> **WORK ORDER**: Retype all of the entries that appear below, keeping them exactly as they are.

[Dataset items]
* * *

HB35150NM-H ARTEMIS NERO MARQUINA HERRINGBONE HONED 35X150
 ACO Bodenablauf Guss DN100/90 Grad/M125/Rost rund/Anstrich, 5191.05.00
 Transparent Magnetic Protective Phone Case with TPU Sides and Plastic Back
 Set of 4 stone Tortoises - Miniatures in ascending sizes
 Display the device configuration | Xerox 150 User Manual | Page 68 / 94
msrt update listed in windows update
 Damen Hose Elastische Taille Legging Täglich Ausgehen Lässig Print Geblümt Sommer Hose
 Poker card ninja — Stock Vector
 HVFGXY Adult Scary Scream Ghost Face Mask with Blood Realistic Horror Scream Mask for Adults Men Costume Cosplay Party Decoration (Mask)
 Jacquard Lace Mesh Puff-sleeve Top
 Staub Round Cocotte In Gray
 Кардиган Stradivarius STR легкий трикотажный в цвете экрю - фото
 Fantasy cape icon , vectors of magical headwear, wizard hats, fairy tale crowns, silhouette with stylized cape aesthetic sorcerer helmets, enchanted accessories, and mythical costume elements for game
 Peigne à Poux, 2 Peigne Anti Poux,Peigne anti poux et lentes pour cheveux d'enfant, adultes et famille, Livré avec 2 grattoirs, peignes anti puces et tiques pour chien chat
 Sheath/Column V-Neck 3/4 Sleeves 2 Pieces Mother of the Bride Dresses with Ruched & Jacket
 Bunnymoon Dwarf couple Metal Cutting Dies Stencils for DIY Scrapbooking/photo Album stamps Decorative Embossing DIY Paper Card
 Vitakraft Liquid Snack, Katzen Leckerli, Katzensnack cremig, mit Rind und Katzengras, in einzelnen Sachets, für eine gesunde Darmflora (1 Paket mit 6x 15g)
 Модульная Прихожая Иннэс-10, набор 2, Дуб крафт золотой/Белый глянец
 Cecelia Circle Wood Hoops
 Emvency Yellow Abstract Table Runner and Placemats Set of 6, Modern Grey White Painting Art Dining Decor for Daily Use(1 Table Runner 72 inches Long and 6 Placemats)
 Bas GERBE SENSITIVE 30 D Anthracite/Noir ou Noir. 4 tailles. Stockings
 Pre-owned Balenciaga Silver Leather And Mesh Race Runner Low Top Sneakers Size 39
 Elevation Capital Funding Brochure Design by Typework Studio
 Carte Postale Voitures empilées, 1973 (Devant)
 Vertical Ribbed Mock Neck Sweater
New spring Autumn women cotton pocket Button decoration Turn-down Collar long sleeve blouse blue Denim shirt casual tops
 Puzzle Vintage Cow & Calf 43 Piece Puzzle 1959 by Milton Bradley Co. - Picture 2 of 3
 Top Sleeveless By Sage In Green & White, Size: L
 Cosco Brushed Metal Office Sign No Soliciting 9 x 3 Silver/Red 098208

* * *

> **RESULT**:
HB35150NM-H ARTEMIS NERO MARQUINA HERRINGBONE HONED 35X150
 ACO Bodenablauf Guss DN100/90 Grad/M125/Rost rund/Anstrich, 5191.05.00
 Transparent Magnetic Protective Phone Case with TPU Sides and Plastic Back
 Set of 4 stone Tortoises - Miniatures in ascending sizes
 Display the device configuration | Xerox 150 User Manual | Page 68 / 94
msrt update listed in windows update
 Damen Hose Elastische Taille Legging Täglich Ausgehen Lässig Print Geblümt Sommer Hose
 Poker card ninja — Stock Vector
 HVFGXY Adult Scary Scream Ghost Face Mask with Blood Realistic Horror Scream Mask for Adults Men Costume Cosplay Party Decoration (Mask)
 Jacquard Lace Mesh Puff-sleeve Top
 Staub Round Cocotte In Gray
 Кардиган Stradivarius STR легкий трикотажный в цвете экрю - фото
 Fantasy cape icon , vectors of magical headwear, wizard hats, fairy tale crowns, silhouette with stylized cape aesthetic sorcerer helmets, enchanted accessories, and mythical costume elements for game
 Peigne à Poux, 2 Peigne Anti Poux,Peigne anti poux et lentes pour cheveux d'enfant, adultes et famille, Livré avec 2 grattoirs, peignes anti puces et tiques pour chien chat
 Sheath/Column V-Neck 3/4 Sleeves 2 Pieces Mother of the Bride Dresses with Ruched & Jacket
 Bunnymoon Dwarf couple Metal Cutting Dies Stencils for DIY Scrapbooking/photo Album stamps Decorative Embossing DIY Paper Card
 Vitakraft Liquid Snack, Katzen Leckerli, Katzensnack cremig, mit Rind und Katzengras, in einzelnen Sachets, für eine gesunde Darmflora (1 Paket mit 6x 15g)
 Модульная Прихожая Иннэс-10, набор 2, Дуб крафт золотой/Белый глянец
 Cecelia Circle Wood Hoops
 Emvency Yellow Abstract Table Runner and Placemats Set of 6, Modern Grey White Painting Art Dining Decor for Daily Use(1 Table Runner 72 inches Long and 6 Placemats)
 Bas GERBE SENSITIVE 30 D Anthracite/Noir ou Noir. 4 tailles. Stockings
 Pre-owned Balenciaga Silver Leather And Mesh Race Runner Low Top Sneakers Size 39
 Elevation Capital Funding Brochure Design by Typework Studio
 Carte Postale Voitures empilées, 1973 (Devant)
 Vertical Ribbed Mock Neck Sweater
New spring Autumn women cotton pocket Button decoration Turn-down Collar long sleeve blouse blue Denim shirt casual tops
 Puzzle Vintage Cow & Calf 43 Piece Puzzle 1959 by Milton Bradley Co. - Picture 2 of 3
 Top Sleeveless By Sage In Green & White, Size: L
 Cosco Brushed Metal Office Sign No Soliciting 9 x 3 Silver/Red 098208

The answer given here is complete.